*Task instructions*
Every line below from the one with "1Pc Female Adult" through the one with "2022 Hyundai Tucson Highlander N Line" is to be repeated exactly, with no picture among them.

*Available data*
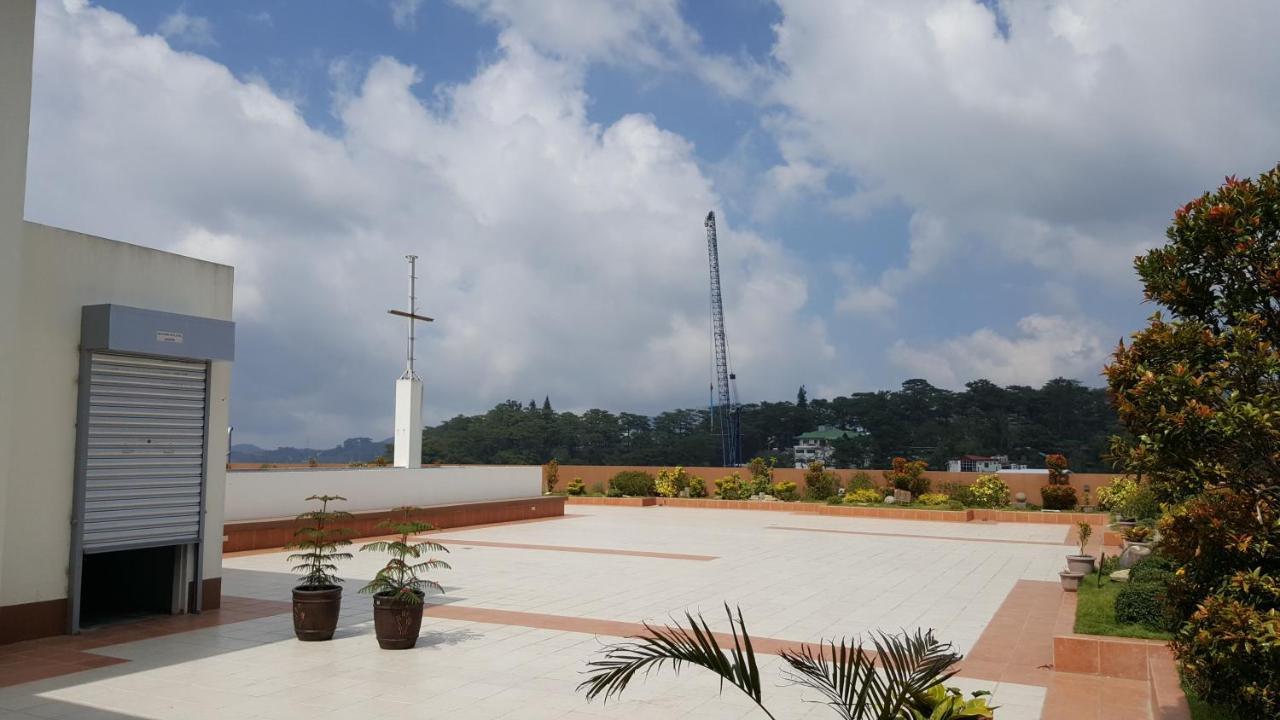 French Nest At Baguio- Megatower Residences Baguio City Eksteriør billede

---

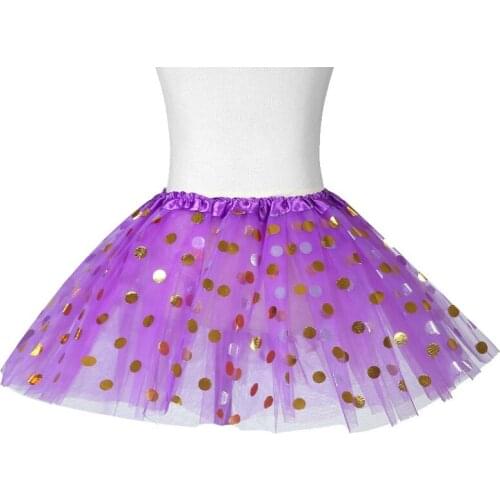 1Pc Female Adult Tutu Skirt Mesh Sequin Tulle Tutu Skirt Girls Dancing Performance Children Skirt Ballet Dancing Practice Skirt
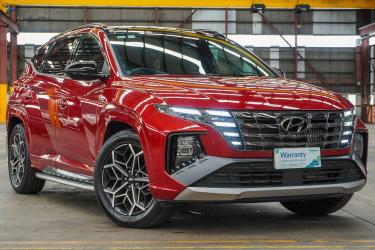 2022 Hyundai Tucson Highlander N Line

*Exercise result*
 1Pc Female Adult Tutu Skirt Mesh Sequin Tulle Tutu Skirt Girls Dancing Performance Children Skirt Ballet Dancing Practice Skirt
 2022 Hyundai Tucson Highlander N Line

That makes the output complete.